Haskell implementation of Codex32 #70

roconnor-blockstream · 2025-04-04T18:14:14Z

Includes an executable program codex32 whose command correct implements the codex32 error correction algorithm.

roconnor-blockstream · 2025-04-17T22:23:22Z

I've added a bit more to the help documentation.

BenWestgate

I reviewed the tests, main, codex32.hs and error.hs.

I'll try to use this to improve my brute force insert and delete correction tool this year.

I built it I wasn't able to pass erasures with -e 5 on the command line. I'm probably doing the syntax wrong.

A better syntax, imho, I used in my brute force tool was to assume '?' in the codex32 string passed were erasures. Seems clunky to specify erasure locations individually.

haskell/exec/Main.hs

BenWestgate · 2025-10-13T08:43:51Z

haskell/exec/Main.hs

+                       | len < 48 = failWith $ metaLength ++ " too short."
+                       | 127 < len = failWith $ metaLength ++ " too long."
+                       | specDataLength spec < 6 + payloadLength = failWith $ metaLength ++ " too long for " ++ show (length residue) ++ " character " ++ metaResidue ++ "."
+                       | 15 == length residue && len < 99 = failWith $ metaLength ++ " too short for " ++ show (length residue) ++ " character " ++ metaResidue ++ "."


Don't you need the equivalent 13 == length residue && len > 74 (i think)...
There's a no man's land length between the two checksum types where the data isn't valid. (A good reason to change BIP93 to support fewer lengths, perhaps the BIP39 ones and 512.)

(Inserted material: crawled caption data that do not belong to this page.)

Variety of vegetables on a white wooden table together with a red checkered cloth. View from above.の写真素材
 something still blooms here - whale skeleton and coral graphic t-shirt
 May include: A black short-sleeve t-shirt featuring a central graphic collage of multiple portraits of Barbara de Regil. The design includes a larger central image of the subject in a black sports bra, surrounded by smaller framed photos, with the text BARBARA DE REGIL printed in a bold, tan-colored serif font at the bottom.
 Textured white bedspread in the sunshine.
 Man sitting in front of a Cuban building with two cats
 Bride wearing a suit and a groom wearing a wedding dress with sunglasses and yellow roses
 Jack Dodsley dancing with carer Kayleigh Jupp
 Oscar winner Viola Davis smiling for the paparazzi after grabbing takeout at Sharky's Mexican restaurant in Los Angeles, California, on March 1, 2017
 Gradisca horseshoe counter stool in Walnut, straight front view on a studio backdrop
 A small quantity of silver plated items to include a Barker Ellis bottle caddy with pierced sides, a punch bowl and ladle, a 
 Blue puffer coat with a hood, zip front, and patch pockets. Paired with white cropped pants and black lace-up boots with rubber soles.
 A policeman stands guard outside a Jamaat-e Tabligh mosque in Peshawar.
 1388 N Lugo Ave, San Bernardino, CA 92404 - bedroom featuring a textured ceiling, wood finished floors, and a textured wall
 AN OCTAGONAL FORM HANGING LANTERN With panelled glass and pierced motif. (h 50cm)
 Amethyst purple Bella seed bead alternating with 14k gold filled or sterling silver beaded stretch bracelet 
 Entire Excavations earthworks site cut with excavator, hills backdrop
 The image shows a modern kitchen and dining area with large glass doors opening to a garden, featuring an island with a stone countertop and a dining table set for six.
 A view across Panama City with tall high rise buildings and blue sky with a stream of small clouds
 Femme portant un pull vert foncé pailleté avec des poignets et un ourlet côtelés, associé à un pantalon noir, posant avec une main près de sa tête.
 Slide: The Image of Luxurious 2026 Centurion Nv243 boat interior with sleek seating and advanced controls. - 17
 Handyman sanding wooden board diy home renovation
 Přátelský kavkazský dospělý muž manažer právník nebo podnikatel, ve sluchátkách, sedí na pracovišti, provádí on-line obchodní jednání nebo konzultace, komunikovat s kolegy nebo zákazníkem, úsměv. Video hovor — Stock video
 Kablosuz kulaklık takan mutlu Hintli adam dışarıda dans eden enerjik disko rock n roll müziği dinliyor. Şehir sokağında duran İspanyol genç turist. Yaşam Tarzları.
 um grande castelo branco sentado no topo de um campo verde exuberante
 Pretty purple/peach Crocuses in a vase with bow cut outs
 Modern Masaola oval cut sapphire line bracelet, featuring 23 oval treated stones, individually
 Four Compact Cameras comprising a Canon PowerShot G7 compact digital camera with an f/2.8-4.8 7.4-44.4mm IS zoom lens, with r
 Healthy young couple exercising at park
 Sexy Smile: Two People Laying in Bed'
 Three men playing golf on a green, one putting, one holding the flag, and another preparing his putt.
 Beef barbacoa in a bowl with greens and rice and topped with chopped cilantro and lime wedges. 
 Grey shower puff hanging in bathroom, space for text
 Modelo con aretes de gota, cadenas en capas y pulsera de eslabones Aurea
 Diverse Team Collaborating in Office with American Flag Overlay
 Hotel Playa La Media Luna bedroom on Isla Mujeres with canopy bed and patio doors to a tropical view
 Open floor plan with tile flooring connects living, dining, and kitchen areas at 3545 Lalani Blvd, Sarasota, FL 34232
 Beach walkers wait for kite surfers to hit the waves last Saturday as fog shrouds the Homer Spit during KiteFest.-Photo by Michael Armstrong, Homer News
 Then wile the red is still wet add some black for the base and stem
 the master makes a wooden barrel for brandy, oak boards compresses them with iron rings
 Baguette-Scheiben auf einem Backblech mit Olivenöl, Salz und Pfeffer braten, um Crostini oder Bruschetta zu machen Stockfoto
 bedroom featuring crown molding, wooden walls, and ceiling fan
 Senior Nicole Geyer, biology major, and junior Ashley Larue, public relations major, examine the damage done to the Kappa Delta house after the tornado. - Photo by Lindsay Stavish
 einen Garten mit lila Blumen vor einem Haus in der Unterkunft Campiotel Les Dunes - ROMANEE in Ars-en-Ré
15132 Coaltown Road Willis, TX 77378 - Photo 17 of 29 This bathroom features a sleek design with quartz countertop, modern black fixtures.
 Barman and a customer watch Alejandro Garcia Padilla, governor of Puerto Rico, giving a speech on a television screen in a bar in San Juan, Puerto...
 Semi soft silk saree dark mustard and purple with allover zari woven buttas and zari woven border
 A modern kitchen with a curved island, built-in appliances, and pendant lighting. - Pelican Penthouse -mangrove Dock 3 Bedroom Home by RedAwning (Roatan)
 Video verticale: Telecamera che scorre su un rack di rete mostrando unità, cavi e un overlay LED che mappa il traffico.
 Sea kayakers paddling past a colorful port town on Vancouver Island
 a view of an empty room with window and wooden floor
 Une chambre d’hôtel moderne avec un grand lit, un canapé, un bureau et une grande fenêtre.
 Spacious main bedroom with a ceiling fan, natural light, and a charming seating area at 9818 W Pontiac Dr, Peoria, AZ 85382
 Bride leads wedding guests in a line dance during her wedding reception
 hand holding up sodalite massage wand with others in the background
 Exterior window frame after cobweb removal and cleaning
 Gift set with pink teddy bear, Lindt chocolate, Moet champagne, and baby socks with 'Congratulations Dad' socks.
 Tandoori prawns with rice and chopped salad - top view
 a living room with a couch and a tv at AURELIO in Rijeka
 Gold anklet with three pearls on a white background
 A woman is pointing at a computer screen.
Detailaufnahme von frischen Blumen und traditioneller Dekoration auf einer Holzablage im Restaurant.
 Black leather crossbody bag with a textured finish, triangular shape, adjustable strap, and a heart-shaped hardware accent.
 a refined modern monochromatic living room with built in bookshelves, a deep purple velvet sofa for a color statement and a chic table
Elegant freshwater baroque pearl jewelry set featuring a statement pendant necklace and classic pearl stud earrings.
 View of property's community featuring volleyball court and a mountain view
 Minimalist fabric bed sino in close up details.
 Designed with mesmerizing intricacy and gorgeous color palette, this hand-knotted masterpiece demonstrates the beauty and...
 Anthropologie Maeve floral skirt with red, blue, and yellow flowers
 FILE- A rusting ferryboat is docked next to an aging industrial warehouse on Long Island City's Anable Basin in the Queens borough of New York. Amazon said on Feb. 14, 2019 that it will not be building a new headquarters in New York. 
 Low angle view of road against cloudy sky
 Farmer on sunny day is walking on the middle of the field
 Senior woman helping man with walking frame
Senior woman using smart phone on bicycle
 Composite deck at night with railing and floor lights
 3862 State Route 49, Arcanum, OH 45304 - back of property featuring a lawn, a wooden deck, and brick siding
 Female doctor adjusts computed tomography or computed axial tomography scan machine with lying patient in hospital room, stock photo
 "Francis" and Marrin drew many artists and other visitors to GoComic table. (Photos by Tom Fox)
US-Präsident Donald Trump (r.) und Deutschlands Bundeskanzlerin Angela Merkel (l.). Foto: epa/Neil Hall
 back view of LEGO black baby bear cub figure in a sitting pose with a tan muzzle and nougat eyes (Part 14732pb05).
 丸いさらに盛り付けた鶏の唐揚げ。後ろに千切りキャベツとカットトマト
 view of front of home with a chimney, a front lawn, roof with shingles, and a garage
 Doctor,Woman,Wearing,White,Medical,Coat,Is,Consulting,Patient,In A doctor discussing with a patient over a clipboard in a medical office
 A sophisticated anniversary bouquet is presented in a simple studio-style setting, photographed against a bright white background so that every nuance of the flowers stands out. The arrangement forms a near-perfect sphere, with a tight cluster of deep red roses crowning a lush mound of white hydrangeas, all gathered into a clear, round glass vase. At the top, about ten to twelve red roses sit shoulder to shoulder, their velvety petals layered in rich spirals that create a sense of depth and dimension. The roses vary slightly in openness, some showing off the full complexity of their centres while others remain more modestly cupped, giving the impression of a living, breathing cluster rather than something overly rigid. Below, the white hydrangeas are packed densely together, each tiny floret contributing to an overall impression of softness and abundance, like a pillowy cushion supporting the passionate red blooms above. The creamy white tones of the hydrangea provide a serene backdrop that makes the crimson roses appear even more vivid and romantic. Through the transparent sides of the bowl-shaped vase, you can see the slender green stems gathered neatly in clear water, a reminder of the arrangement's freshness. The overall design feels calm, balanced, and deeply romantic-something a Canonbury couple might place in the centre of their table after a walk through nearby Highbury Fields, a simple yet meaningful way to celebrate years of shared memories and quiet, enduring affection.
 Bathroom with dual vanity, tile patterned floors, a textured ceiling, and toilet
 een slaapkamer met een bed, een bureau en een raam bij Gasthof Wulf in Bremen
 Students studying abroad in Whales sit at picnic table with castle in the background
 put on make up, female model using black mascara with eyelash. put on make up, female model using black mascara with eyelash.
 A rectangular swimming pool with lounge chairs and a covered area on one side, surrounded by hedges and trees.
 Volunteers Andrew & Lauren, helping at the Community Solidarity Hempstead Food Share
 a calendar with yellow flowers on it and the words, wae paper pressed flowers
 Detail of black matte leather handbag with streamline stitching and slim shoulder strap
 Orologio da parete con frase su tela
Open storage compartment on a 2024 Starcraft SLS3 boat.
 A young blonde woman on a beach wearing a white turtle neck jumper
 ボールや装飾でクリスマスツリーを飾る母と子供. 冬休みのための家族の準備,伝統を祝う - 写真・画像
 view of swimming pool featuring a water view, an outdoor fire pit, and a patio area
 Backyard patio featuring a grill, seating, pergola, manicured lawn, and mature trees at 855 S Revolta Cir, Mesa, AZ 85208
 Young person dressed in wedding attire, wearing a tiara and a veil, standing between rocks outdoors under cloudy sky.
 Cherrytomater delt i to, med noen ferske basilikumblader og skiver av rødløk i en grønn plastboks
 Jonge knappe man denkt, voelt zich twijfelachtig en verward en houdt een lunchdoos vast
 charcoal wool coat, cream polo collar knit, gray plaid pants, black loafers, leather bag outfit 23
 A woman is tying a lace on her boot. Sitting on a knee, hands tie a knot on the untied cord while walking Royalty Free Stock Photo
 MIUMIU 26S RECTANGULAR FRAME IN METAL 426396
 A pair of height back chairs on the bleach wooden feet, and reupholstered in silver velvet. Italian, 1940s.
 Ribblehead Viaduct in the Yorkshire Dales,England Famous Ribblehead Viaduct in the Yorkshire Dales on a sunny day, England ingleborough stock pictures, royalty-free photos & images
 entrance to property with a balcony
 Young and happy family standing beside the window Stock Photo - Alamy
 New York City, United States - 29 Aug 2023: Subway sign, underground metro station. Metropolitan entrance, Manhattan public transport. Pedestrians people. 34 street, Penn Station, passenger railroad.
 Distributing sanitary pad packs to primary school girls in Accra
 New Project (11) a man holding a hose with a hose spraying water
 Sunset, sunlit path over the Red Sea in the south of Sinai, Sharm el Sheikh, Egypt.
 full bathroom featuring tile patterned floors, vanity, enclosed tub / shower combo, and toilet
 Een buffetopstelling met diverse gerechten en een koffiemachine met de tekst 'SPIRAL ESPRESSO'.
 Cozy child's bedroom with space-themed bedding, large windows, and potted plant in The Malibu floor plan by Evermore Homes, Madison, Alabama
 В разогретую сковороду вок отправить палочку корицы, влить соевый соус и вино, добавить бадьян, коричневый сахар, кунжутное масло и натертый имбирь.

With fresh eyes, I've rearchitected how the advanced command line arguments are transformed into the specification data needed for error correction.

BenWestgate · 2025-10-13T08:49:16Z

haskell/exec/Main.hs

+  bitsize = bytesize * 8
+  failWith str = Opt.handleParseResult . Opt.Failure $ Opt.parserFailure codex32Prefs codex32Options (Opt.ErrorMsg str) [Opt.Context "correct" codex32CorrectParser]
+  result = errorCorrections (optSpec options) erasureIxs residue
+  format Nothing = putStrLn "Too many errors.  Unable to correct." >> Sys.exitFailure


This is a bit pessimistic, if erasure locations were provided the user assuming some likely values could put a correction in reach. "Too many errors and erasures." Reminds the user to try specifying less erasures if possible.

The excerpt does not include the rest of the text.